Charles Wilbur Hall, my paternal grandfather, found this lock at the site of Ft. Lincoln, North Dakota after a spring thaw a l-o-o-o-n-g time ago.
Ft. Lincoln was General George Custer's last post command. Custer and his men road from there to the battle of Little Big Horn in 1876. The fort was abandoned in 1891 after the completion of the railroad. (My grandfather was a licensed train engineer from Minnesota.)
There's engraving on the lock that says 1777 AD, I think. So it's possible the lock was there during Custer's assignment, but I have no proof. The number 3. And a word, maybe the manufacturer's name. Of course US is very clear. Would need to magnify the rest.
It's heavy, I'd guess 2 or 3 pounds. The key has always had the sloppy repair that cobbled it back together. You're article made me think of it. It's been put away since.
Jerry, Sr. passed away in 1998. Ft. Lincoln is a state park now. I thought of donating it to the State Park, but I keep hanging on to it.
Well, what a cool lock, Jerry. Obviously forged. I started searching for one like it and had no luck. Looks really old. Nice, great patina.
Perhaps some sharp blast detectives will help us do some old fashioned sleuthing and see if we can figure this old lock out.
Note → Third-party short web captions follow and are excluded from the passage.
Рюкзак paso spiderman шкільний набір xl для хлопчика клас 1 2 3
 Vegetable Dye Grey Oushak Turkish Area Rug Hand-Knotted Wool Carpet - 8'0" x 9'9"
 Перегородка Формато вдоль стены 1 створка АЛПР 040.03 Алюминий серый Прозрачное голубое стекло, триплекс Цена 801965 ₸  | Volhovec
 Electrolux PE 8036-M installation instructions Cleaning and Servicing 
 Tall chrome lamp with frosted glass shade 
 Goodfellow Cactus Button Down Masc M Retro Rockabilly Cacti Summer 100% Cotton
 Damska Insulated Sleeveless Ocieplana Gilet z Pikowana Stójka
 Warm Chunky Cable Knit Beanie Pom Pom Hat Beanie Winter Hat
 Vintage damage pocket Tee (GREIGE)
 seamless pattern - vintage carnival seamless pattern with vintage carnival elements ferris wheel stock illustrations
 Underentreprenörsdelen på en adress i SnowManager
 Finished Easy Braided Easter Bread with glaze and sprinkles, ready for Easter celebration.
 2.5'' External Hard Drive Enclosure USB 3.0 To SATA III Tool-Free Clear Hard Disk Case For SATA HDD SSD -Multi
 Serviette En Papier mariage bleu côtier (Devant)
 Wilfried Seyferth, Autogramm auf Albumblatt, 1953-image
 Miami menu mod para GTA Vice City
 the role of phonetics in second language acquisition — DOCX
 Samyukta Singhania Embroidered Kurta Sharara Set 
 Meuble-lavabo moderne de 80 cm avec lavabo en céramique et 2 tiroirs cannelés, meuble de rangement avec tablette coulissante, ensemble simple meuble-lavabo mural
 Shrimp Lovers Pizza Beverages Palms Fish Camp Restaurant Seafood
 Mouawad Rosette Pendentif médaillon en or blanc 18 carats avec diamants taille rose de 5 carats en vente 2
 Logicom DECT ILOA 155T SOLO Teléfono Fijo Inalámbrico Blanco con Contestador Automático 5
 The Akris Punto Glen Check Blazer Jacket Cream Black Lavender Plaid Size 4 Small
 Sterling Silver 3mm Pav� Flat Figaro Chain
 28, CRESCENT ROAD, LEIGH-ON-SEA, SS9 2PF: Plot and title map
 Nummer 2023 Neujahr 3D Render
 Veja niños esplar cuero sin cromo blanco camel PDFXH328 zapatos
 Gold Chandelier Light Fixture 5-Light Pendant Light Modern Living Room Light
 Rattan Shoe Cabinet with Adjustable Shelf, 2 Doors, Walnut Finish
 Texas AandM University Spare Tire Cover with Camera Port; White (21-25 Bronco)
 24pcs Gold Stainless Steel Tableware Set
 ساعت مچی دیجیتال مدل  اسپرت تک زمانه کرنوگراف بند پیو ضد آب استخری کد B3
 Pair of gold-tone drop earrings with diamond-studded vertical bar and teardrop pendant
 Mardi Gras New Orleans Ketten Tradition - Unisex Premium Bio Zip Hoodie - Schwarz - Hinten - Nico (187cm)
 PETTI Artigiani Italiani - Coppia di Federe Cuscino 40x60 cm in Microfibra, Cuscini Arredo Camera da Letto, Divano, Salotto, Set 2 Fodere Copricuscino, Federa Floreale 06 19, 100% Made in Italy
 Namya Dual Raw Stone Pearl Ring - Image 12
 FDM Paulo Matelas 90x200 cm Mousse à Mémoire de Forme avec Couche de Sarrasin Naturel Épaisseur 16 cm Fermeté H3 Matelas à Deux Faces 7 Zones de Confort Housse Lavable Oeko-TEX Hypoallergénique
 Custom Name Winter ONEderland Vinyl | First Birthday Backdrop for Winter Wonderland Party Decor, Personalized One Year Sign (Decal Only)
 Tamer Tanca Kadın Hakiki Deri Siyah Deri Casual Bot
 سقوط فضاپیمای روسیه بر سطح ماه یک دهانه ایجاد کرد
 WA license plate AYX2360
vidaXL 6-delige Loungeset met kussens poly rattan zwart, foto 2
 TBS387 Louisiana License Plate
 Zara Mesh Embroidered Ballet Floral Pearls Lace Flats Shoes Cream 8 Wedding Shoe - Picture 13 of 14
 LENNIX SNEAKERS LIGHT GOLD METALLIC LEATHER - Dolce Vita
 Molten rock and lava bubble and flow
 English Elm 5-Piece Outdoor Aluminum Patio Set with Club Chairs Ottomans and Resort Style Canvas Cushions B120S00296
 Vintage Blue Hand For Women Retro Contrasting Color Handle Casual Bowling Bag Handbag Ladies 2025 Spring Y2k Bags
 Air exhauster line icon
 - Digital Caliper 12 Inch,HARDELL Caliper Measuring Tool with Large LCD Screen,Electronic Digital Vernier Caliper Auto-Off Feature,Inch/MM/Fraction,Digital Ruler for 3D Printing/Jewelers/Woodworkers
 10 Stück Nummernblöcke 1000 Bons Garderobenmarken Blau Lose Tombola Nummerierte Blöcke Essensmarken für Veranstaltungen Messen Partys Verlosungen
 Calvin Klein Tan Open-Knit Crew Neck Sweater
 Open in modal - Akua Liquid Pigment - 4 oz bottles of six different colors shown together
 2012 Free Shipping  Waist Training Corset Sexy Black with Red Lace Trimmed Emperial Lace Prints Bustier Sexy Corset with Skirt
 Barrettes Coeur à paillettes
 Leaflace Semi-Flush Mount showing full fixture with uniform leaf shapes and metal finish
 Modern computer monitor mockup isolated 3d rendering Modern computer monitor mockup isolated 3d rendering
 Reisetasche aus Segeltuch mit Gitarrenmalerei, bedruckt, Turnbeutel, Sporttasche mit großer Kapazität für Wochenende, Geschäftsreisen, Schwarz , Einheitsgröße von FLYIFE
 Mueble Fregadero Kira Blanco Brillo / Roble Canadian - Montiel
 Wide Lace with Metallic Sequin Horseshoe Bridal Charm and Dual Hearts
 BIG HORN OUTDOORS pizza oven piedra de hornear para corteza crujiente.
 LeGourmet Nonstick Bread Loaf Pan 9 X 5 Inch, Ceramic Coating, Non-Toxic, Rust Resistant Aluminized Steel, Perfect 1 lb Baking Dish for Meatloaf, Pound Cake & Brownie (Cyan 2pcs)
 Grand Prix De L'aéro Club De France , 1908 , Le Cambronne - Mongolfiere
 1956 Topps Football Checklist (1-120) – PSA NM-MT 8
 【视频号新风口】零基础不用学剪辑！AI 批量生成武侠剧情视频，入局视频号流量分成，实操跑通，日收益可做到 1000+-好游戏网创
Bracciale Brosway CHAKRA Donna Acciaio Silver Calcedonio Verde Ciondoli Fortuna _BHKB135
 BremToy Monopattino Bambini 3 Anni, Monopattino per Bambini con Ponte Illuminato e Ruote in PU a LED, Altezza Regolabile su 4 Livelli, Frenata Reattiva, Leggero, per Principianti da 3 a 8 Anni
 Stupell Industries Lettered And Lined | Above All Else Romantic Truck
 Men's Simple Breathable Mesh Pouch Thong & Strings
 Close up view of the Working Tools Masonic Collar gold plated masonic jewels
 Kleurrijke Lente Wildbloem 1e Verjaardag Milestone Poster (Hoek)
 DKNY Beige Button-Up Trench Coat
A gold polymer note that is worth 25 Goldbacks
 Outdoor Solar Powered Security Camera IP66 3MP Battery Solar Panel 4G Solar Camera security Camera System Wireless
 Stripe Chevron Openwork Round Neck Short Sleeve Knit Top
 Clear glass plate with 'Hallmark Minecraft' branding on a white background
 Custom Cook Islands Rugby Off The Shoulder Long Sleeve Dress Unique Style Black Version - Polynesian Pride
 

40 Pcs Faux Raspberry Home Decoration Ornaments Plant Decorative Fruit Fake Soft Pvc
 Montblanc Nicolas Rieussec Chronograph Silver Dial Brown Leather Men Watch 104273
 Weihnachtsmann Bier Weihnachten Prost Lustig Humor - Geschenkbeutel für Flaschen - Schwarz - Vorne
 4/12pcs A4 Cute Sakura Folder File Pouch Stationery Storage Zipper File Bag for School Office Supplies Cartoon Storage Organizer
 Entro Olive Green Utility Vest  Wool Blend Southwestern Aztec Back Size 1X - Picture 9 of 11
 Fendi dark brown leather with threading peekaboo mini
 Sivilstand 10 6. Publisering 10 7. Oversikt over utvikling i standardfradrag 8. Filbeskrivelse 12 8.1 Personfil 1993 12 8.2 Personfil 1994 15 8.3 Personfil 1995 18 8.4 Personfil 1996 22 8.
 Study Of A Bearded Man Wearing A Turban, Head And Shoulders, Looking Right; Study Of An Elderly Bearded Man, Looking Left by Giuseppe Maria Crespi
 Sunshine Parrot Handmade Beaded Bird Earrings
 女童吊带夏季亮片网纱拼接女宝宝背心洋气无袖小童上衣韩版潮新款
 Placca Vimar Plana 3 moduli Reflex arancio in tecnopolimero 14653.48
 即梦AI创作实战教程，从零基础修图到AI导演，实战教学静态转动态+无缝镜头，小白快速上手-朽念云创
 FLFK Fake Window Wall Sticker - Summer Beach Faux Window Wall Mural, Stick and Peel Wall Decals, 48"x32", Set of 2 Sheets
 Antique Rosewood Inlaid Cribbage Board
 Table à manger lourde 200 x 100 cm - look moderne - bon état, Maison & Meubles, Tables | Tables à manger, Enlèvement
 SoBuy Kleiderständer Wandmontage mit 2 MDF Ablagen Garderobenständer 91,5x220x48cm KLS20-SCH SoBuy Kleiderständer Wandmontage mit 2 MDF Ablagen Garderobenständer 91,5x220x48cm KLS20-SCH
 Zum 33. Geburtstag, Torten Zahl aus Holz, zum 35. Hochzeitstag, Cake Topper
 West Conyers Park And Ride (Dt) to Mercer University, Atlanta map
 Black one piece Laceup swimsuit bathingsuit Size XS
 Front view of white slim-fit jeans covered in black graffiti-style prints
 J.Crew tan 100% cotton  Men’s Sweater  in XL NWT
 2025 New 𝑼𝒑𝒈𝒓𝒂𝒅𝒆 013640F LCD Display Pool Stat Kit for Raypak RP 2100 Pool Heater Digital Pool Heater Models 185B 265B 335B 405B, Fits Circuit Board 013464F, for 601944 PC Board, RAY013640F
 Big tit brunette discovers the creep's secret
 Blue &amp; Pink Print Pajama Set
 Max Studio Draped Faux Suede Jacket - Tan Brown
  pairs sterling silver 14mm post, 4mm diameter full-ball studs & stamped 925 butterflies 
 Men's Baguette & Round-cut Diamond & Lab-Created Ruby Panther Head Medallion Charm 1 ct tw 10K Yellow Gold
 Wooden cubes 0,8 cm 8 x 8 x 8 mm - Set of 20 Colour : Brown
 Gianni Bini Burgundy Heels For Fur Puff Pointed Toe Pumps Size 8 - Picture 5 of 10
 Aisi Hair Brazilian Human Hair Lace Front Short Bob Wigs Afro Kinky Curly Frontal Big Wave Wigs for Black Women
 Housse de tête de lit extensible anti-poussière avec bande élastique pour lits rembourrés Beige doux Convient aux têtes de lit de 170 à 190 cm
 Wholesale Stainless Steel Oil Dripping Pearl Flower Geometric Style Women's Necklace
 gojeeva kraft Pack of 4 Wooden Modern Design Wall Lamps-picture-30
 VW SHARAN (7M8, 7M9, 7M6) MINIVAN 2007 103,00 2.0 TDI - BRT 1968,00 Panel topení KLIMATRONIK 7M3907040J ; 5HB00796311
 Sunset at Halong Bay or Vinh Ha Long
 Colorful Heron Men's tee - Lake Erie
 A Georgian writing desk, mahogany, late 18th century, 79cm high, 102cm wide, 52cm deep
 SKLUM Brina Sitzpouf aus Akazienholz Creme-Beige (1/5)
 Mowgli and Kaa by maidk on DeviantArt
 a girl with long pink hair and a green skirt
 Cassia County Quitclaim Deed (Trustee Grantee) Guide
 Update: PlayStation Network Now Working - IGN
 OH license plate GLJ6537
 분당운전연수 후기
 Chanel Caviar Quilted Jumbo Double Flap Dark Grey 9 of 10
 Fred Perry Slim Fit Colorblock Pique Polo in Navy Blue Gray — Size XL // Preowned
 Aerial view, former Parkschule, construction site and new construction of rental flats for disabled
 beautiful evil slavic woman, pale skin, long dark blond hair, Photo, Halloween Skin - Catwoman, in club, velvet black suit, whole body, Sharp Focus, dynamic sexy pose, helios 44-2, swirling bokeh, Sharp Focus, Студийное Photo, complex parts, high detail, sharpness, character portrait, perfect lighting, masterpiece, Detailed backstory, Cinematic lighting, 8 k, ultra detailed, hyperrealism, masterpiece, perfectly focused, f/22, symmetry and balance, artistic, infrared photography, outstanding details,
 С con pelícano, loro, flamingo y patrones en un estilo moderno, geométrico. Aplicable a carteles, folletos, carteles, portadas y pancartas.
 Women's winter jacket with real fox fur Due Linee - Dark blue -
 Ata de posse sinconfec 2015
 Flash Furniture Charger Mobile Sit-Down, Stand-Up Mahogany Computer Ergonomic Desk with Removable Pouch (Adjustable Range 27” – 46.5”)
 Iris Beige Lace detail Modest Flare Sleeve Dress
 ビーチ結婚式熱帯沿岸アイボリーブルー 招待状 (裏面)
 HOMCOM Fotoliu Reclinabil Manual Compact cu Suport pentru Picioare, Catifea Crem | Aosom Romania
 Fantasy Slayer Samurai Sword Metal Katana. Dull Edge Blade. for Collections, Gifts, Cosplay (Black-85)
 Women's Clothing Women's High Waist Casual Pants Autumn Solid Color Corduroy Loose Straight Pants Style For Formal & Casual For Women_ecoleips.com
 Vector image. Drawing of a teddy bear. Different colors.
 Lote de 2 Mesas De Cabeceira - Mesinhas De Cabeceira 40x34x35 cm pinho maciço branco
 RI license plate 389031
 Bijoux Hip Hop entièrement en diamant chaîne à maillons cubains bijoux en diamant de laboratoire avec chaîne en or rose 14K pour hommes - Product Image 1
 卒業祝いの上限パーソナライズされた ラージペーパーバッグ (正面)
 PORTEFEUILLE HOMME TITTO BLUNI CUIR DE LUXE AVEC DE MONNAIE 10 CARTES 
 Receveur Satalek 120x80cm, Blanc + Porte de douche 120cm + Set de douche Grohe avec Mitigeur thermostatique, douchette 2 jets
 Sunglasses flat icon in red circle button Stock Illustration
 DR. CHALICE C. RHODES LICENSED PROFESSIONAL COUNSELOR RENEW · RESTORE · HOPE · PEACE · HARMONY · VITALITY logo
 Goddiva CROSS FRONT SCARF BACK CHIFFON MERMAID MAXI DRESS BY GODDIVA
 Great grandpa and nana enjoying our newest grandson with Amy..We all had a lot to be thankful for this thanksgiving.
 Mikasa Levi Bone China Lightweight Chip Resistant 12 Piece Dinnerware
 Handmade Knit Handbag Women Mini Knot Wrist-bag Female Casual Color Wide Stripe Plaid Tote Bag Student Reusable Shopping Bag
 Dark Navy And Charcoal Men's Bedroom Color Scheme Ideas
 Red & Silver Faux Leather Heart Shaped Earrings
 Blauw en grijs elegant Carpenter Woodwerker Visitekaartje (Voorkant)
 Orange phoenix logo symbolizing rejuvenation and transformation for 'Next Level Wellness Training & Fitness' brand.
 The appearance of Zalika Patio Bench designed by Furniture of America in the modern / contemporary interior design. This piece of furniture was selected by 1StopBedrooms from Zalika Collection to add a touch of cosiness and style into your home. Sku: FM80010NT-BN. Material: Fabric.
I saw a couple lock museums in my cursory searches and will send the pics out on Monday, try to get to the bottom of this one.
Thanks for sending!
**************Postscript - Thanks to reader Kerry we now know that the lock was a U.S. government lock made by the Crilly Lock Company in Philadelphia, PA #3. Quite valuable actually. It appears that this type of padlock is known as a Scandinavian lock. Still not sure of the production date. I would like to see the entire key, it might be what is called a Polhem or barrel key, probably hand filed.